La fiesta empezó hace casi 250 años. Se trataba, al principio, de conseguir cosas muy sencillas: la libertad, la fraternidad, el derecho a la propiedad y la igualdad civil. Se hablaba de cosas tan nuevas como la soberanía nacional, el fin del poder absoluto, la constitución o la división de poderes. Ya no se querían instituciones controladas por los más pudientes, sino que la ciudadanía pudiera controlar las instituciones.

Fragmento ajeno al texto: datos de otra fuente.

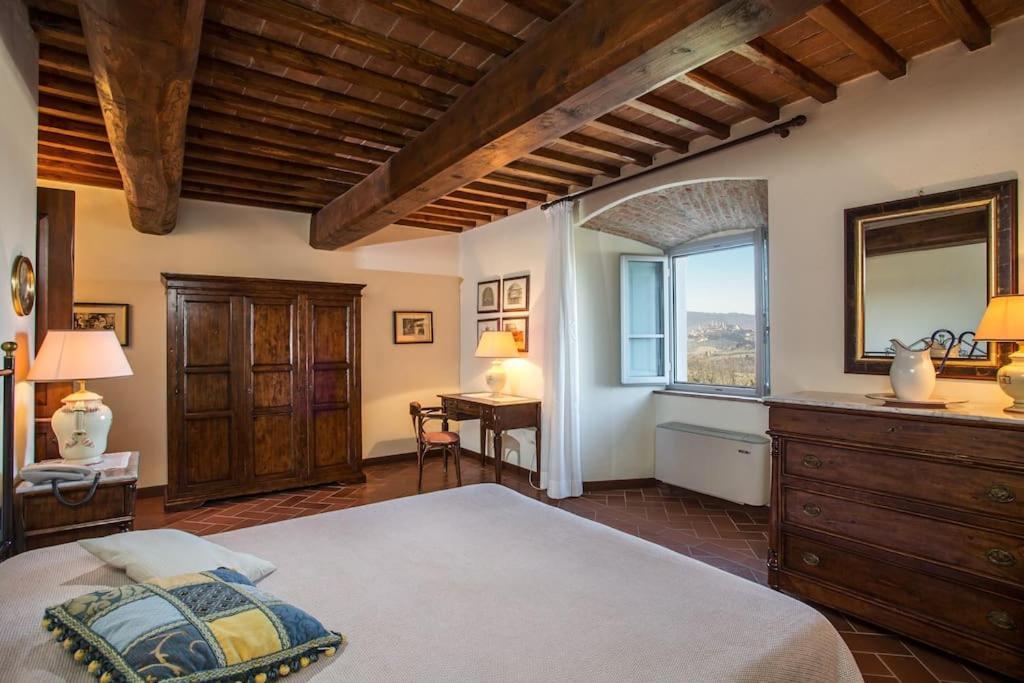 Apartment Castello Di Fulignano Ildebrando Superior *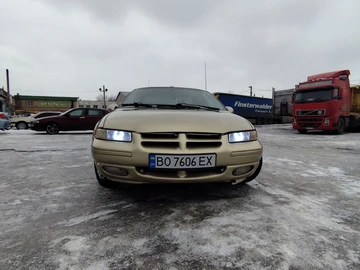 Авто Dodge Stratus 1999 № 8507986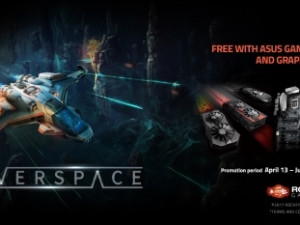 ASUS EVERSPACE game bundle EMEA.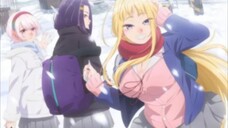 Dosanko Gal wa Namara Menkoi Eps 4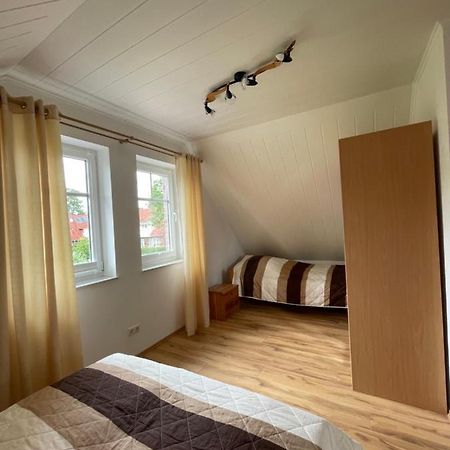 Ferienwohnung Justus Άουριχ Εξωτερικό φωτογραφία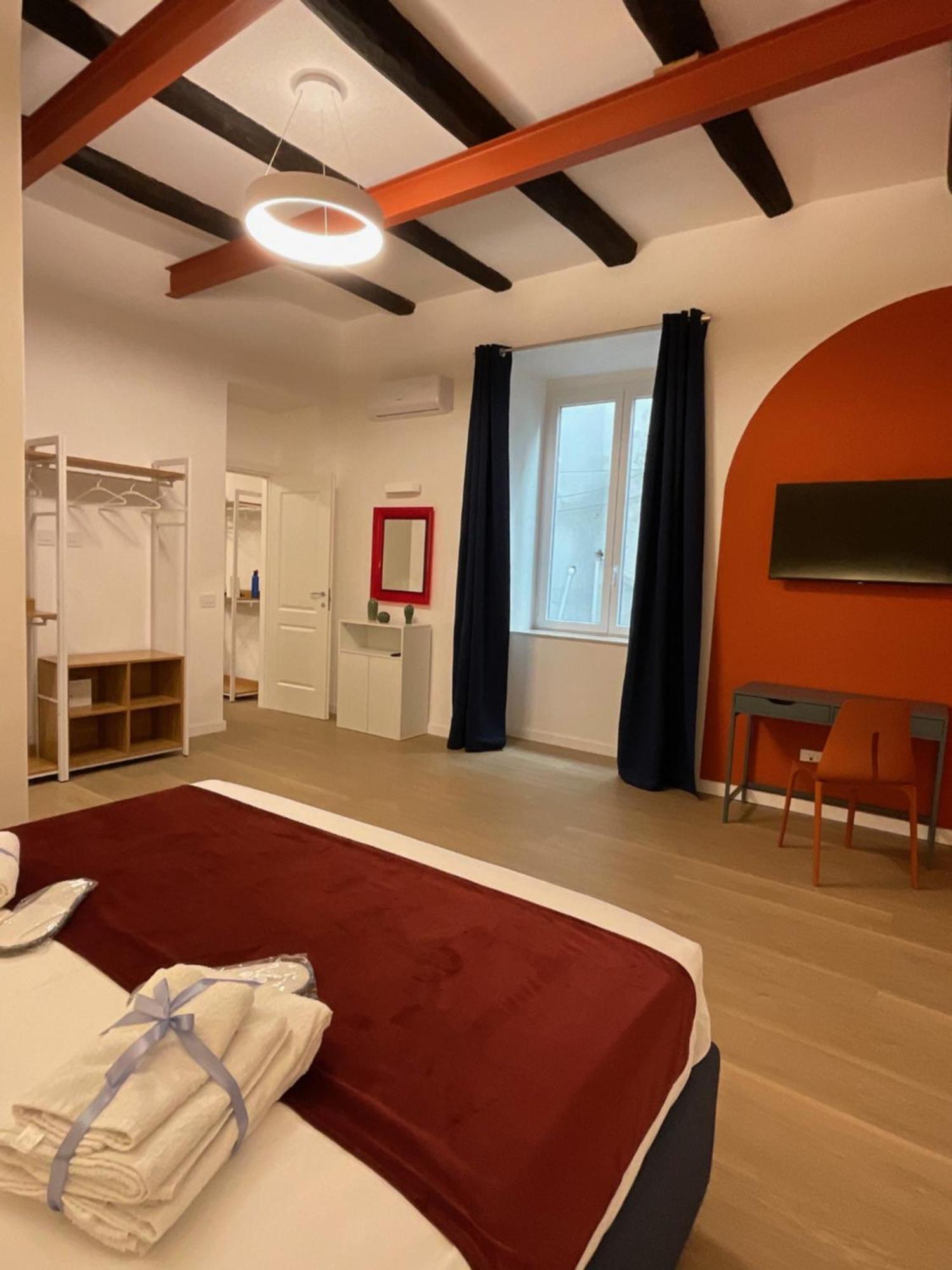 Апартаменты Sansepolcro33 Неаполь Экстерьер фото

La fiesta continuó –con sobresaltos, por supuesto– sumando cada vez a más gente y más ideas: las libertades y derechos debían ampliarse (de expresión, de asociación, de movimiento, de cátedra…) y se empezó a tener muy claro que no había libertad que valiera la pena si no iba acompañada de justicia. Los de la fiesta no paraban de inventar: que cada uno creyese en lo que le diese la gana, pero bajo un estado laico en el que pudieran entrar todas las creencias. También se tuvo claro que había que establecer la igualdad política y procurar la igualdad social. Una vida digna, oportunidades y derecho al voto para todo el mundo (aunque entonces el mundo solo lo formaban los varones). También hubo sangre y sacrificio en la fiesta para alcanzar todo esto. La seguridad colectiva no debía impedir la libertad, pero podía ordenarla, y la libertad individual no podía conducir a la indefensión de los vulnerables. Ya con la música a tope, se trabajó en la fiesta para proteger a los niños y ancianos, a los enfermos, los trabajadores y los desempleados, los discapacitados, los migrantes… Había que poner en marcha cosas que ahora parece que siempre han existido, pero que se inventaron en la fiesta: jubilación, jornada laboral, pensiones, becas, seguridad social… Para que todos pudieran entrar en la fiesta y disfrutar de todo esto era necesario cobrar una entrada y se la llamó “impuesto”. Ya puestos, los de la fiesta han ido pidiendo un cuerpo de bomberos y educación gratuita, que se cuide el planeta y compasión con los que huyen del hambre y la violencia. Si los del siglo XVIII pudieran ver la fiesta que se ha montado, se morirían de la envidia. Como en toda fiesta, también se han colado algunos facinerosos, amarravacas y abrazafarolas que es necesario expulsar ya.

Pero en todo tiempo ha habido gente a la que esta fiesta no les gusta. Temen perder sus privilegios y que puedan cuestionarse sus tradiciones. No quieren pagar impuestos, ni saber nada de los desharrapados, las mujeres maltratadas o la conservación del planeta. Lo de proteger al desvalido no va con ellos. Creen que es mejor destruir lo público y que cada quien arregle sus propios problemas. Piensan que todo esto genera un gasto innecesario y que es mejor emplear ese dinero en comprar una buena motosierra. Más de uno la cogió en el pasado –la motosierra, digo, y también los fusiles– con el firme objetivo de acabar con la fiesta. Han conseguido varias veces interrumpirla, que no acabar con ella, y pueden volver a hacerlo. Claro que pueden acabar con la fiesta de la democracia. Defendámosla.